Below are several records. Retype exactly those lines running from the one with "Los operativos contaron" through the one with "KNDJT2A69D7583353: 42558322", end lines included, and no others.

(Dataset items)
BEGIN

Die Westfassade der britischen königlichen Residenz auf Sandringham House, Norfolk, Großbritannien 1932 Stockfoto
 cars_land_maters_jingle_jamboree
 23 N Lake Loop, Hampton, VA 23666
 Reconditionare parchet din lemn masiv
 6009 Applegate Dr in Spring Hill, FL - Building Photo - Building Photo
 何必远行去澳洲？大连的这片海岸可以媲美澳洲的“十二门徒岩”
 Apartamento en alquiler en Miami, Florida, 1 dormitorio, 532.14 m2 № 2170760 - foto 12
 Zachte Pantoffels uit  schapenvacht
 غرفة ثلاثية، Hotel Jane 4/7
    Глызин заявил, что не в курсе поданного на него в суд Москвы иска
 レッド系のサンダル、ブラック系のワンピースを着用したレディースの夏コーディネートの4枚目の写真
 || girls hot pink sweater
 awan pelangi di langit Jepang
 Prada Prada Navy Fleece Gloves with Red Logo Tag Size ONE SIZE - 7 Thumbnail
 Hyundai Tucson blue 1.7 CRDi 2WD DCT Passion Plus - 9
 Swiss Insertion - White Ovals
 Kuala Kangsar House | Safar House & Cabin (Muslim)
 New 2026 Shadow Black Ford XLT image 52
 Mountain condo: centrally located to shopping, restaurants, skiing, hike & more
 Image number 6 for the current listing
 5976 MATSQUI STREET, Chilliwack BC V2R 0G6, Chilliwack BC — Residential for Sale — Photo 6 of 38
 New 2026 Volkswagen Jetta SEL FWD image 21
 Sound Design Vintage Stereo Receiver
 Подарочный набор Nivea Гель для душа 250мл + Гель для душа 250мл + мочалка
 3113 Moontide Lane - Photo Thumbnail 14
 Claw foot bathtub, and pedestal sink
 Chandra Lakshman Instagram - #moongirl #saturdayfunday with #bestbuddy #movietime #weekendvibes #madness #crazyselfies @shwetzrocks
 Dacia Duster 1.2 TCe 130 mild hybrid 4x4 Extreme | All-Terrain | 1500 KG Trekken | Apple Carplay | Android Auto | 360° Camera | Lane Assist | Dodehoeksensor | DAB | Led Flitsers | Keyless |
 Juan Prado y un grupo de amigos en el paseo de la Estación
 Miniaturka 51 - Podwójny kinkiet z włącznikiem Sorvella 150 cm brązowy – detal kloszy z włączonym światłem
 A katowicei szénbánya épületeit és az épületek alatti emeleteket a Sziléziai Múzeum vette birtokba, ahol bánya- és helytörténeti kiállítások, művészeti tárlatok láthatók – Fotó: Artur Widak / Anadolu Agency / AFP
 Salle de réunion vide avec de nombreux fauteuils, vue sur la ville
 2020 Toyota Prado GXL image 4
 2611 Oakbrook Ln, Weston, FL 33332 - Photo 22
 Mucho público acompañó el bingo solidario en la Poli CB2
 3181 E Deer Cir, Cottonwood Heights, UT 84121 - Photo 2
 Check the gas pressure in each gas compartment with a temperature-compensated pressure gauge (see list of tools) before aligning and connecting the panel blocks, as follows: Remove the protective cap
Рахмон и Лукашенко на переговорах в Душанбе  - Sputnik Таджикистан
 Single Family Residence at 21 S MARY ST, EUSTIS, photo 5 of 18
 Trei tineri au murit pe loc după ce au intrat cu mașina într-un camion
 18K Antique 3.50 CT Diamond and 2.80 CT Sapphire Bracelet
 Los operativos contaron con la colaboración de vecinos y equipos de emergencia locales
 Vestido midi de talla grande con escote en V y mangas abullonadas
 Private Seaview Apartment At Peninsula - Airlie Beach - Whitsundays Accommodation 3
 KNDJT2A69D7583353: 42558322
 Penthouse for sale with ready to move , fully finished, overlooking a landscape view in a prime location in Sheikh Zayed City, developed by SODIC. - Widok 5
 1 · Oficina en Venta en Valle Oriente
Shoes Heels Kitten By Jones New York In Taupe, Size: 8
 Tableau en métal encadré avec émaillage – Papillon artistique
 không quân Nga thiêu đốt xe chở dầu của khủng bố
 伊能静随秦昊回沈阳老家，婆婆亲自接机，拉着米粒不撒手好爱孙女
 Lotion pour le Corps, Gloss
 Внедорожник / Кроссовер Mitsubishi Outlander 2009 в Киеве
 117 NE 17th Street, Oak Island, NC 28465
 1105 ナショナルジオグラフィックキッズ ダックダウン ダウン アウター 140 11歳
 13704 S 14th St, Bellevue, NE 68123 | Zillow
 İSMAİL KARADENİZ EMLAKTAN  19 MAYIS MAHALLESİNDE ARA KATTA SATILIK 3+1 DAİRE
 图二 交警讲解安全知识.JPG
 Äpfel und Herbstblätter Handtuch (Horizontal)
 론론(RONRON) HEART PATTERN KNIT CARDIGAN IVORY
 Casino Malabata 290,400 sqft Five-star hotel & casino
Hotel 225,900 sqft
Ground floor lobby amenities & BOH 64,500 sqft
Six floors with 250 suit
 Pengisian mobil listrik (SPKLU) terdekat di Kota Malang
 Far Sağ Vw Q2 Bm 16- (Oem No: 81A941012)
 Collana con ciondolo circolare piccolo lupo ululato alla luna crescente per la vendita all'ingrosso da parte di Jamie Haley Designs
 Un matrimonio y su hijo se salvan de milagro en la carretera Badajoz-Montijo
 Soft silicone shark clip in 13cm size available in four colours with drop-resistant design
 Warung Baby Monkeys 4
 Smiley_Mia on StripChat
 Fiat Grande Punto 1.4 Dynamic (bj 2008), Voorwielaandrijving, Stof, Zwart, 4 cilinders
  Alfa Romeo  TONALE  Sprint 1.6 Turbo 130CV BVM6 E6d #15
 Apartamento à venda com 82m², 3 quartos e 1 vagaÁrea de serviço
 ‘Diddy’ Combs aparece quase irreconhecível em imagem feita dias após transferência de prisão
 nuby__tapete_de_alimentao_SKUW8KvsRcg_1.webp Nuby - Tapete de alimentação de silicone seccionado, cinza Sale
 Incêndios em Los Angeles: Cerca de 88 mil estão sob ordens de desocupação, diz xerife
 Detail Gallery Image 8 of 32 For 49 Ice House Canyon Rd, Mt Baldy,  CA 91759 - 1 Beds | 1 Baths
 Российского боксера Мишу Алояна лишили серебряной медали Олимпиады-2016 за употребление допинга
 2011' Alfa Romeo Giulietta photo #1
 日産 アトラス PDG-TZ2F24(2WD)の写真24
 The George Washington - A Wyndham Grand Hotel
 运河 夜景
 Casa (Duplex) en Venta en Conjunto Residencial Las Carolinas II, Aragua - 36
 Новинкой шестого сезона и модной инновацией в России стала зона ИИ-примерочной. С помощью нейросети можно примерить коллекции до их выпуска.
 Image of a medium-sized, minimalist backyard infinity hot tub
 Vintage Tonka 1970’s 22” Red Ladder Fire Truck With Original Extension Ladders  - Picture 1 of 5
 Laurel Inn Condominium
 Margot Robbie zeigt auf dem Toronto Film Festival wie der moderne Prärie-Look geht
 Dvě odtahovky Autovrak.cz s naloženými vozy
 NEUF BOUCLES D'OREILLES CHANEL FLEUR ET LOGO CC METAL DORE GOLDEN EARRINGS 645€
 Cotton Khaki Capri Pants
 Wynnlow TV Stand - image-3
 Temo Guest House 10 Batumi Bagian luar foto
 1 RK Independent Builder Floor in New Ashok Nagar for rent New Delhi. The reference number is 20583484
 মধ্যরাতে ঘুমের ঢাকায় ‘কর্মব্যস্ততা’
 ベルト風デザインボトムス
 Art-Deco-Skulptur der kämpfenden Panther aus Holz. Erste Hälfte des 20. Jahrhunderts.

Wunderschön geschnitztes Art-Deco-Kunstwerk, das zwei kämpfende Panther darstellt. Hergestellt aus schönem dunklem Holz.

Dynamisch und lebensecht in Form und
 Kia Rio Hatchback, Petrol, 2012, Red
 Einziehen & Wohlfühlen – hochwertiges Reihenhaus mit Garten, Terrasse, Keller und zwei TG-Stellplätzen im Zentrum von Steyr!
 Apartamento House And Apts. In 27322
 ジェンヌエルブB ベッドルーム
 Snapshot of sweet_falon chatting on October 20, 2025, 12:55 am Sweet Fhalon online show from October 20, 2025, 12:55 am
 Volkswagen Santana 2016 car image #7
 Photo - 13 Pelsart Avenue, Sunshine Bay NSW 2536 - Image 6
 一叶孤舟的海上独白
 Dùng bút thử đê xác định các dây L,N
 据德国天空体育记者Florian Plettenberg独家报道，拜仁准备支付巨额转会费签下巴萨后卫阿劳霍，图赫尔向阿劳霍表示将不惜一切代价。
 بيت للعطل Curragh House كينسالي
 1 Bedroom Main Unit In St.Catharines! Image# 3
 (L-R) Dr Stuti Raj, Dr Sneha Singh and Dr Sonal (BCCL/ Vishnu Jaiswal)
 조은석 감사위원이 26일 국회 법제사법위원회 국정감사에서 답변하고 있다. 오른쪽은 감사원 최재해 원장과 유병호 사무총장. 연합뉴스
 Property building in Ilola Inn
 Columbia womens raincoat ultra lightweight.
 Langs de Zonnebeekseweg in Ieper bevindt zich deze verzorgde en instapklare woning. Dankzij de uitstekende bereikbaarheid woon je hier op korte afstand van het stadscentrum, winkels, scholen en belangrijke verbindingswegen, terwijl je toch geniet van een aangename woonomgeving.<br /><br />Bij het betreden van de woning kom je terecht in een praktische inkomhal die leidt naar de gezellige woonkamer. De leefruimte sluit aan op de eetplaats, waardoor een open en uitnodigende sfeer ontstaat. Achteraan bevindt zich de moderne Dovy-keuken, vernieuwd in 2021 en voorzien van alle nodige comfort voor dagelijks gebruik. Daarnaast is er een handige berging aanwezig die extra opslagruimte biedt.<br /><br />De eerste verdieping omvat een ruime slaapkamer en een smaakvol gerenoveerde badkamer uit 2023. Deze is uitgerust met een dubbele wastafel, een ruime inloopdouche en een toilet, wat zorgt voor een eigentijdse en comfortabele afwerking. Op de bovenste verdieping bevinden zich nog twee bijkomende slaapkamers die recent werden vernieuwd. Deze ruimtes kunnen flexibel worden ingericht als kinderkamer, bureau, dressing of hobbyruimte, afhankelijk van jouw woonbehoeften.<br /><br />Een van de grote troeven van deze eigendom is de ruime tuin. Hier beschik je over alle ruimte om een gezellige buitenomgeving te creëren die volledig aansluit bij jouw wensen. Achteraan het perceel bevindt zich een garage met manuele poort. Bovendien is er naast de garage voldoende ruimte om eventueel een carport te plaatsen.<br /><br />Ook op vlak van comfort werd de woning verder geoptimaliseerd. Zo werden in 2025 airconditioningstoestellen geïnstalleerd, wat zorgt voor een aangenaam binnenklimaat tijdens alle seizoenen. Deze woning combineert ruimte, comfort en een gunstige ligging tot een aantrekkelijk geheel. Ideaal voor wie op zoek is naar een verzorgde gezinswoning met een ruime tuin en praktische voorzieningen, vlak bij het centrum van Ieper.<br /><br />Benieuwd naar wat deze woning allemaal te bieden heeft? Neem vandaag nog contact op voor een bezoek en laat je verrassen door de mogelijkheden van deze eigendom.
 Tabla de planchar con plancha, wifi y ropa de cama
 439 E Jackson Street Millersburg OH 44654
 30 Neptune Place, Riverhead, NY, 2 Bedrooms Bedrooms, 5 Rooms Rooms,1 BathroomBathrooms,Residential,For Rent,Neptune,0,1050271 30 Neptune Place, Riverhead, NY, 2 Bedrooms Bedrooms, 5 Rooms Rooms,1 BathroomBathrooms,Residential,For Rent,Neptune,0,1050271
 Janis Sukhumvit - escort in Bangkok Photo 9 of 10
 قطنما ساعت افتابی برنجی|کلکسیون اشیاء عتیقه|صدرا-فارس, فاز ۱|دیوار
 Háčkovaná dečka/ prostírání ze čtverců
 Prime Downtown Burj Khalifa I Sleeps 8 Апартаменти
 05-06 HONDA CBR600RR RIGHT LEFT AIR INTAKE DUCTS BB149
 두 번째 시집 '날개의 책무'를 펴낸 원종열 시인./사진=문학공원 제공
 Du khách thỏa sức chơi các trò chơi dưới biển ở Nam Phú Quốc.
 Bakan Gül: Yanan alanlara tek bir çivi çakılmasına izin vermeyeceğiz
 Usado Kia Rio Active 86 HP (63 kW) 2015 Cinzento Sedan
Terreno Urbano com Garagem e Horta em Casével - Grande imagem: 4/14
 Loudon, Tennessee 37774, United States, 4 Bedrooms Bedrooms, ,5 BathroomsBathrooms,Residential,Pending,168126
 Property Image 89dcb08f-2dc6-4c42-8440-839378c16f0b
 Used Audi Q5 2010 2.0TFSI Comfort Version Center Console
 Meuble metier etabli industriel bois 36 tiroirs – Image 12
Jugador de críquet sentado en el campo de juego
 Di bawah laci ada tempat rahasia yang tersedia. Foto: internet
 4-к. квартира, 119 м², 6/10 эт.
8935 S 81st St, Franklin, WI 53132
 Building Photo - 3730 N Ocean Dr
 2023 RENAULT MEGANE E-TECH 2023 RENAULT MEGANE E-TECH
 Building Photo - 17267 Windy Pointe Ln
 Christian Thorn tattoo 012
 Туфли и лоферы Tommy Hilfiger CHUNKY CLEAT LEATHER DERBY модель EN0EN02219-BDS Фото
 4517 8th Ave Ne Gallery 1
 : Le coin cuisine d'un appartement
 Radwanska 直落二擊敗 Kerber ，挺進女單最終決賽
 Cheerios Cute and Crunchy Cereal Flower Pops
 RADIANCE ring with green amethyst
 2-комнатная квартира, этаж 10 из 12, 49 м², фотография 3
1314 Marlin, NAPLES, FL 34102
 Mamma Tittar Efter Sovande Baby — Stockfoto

END

# [Result]
 Los operativos contaron con la colaboración de vecinos y equipos de emergencia locales
 Vestido midi de talla grande con escote en V y mangas abullonadas
 Private Seaview Apartment At Peninsula - Airlie Beach - Whitsundays Accommodation 3
 KNDJT2A69D7583353: 42558322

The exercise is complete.